** EXERCISE OBJECTIVE **
For this exercise, return exactly the lines of the material below that begin at the one with "Aquarius Horoscope Astrology" and stop after the one with "Okosóra szíj - FEKETE".

** DATA IN THIS EXERCISE **
------

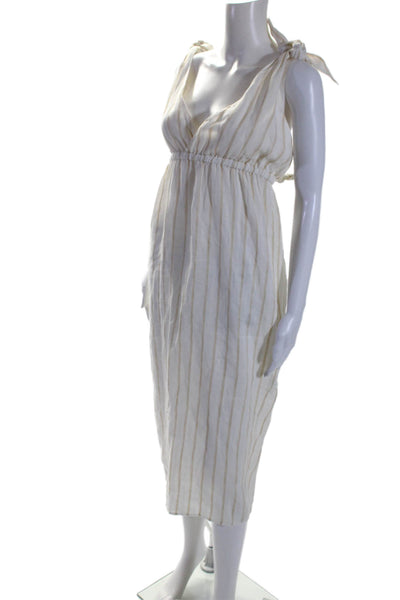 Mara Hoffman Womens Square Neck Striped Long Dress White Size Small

------

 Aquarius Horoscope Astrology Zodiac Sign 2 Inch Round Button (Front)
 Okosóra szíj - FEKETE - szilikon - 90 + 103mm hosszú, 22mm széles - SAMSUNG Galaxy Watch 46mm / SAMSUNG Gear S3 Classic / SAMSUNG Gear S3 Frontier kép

------

** TASK RESULT **
 Aquarius Horoscope Astrology Zodiac Sign 2 Inch Round Button (Front)
 Okosóra szíj - FEKETE - szilikon - 90 + 103mm hosszú, 22mm széles - SAMSUNG Galaxy Watch 46mm / SAMSUNG Gear S3 Classic / SAMSUNG Gear S3 Frontier kép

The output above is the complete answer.